Digging into things a bit, I found that quite a bit of the time was
spent invoking the C compiler even though we weren't actually building
anything. Currently in the Chrome OS build system the C compiler is
called through a number of wrappers (one of which is written in
python!) and can take upwards of 100 ms to invoke even if we're not
doing anything difficult, so these invocations of the compiler were
taking a lot of time. Worse the invocations couldn't seem to take
advantage of the multiple cores on my system.
Certainly it seems like we could make the compiler invocations in the
Chrome OS build system faster, but only to a point. Inherently
invoking a program as big as a C compiler is a fairly heavy
operation. Thus even if we can speed the compiler calls it made sense
to track down what was happening.
It turned out that all the compiler invocations were coming from
usages like this in the kernel's Makefile:
KBUILD_CFLAGS += $(call cc-option,-fno-delete-null-pointer-checks,)
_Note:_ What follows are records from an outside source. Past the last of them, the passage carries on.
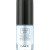 Гель-сыворотка кожи вокруг для глаз – Ga-De Aqua Jolt Dark Circles Relief Eye Gel Serum, 1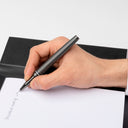 Pen Stream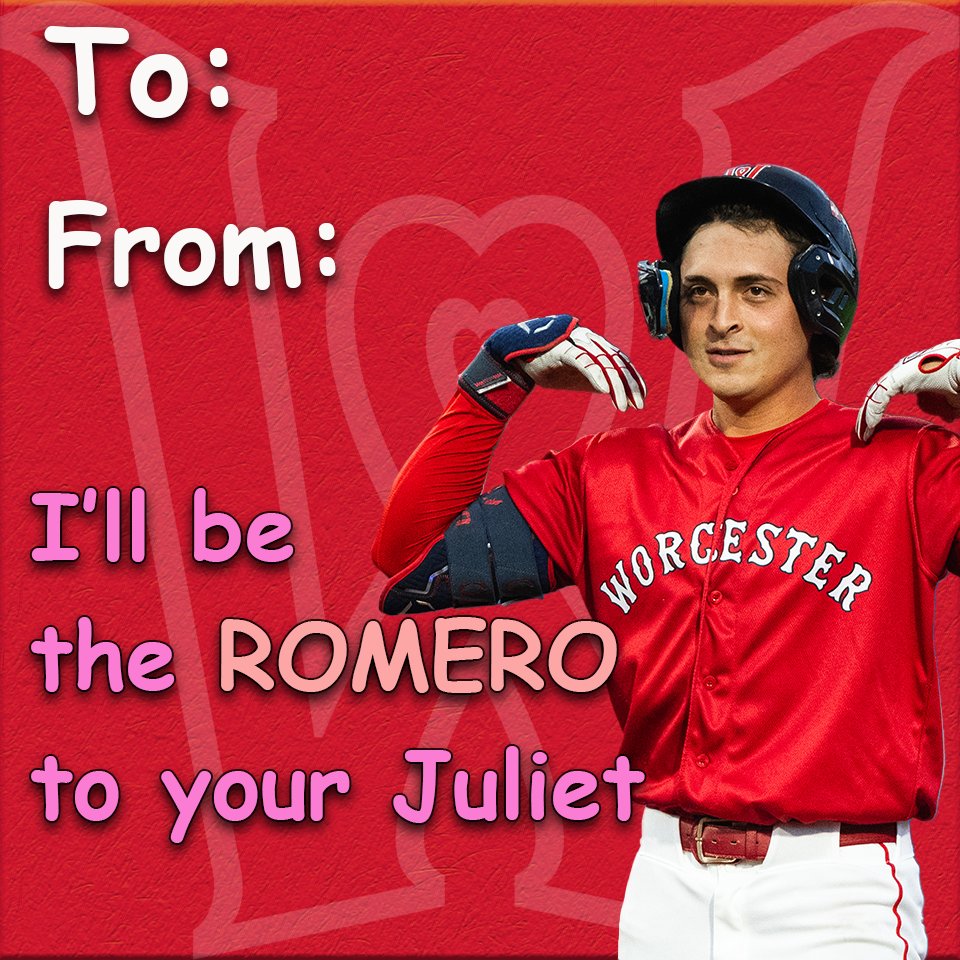 Send these to your Valentine this year 🥰
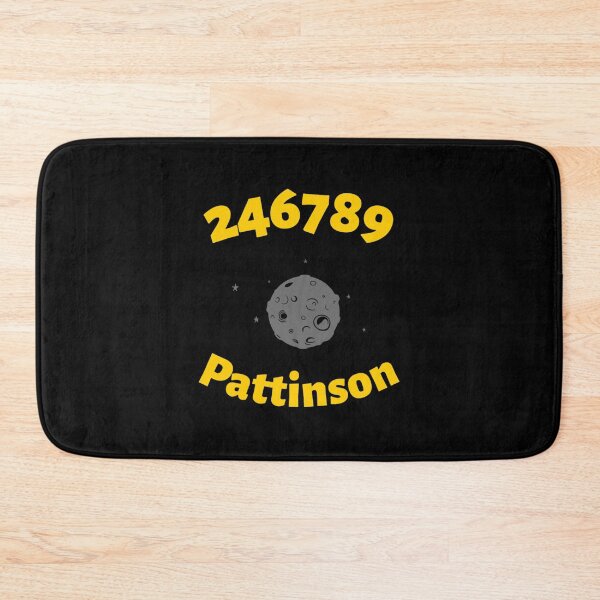 Item preview, Robert Pattinson designed and sold by JoanneArtacc.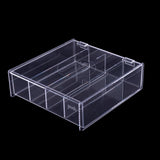 Cutlery Box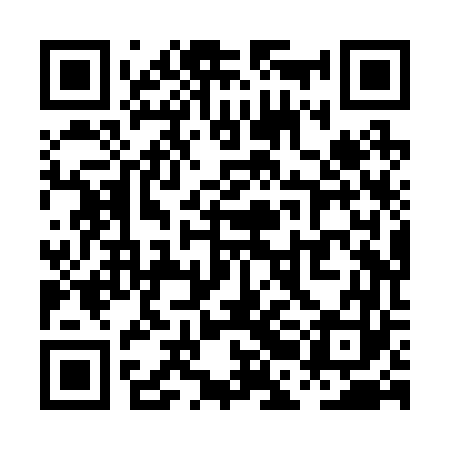 QR code for PBHR63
Due to the way cc-option and similar statements work the above
contains an implicit call to the C compiler. ...and due to the fact
that we're storing the result in KBUILD_CFLAGS, a simply expanded
variable, the call will happen every time the Makefile is parsed, even
if there are no users of KBUILD_CFLAGS.
Rather than redoing this computation every time, it makes a lot of
sense to cache the result of all of the Makefile's compiler calls just
like we do when we compile a ".c" file to a ".o" file. Conceptually
this is quite a simple idea. ...and since the calls to invoke the
compiler and similar tools are centrally located in the Kbuild.include
file this doesn't even need to be super invasive.
Implementing the cache in a simple-to-use and efficient way is not
quite as simple as it first sounds, though. To get maximum speed we
really want the cache in a format that make can natively understand
and make doesn't really have an ability to load/parse files. ...but
make _can_ import other Makefiles, so the solution is to store the
cache in Makefile format. This requires coming up with a valid/unique
Makefile variable name for each value to be cached, but that's
solvable with some cleverness.
After this change, we'll automatically create a ".cache.mk" file that
will contain our cached variables. We'll load this on each invocation
of make and will avoid recomputing anything that's already in our
cache. The cache is stored in a format that it shouldn't need any
invalidation since anything that might change should affect the "key"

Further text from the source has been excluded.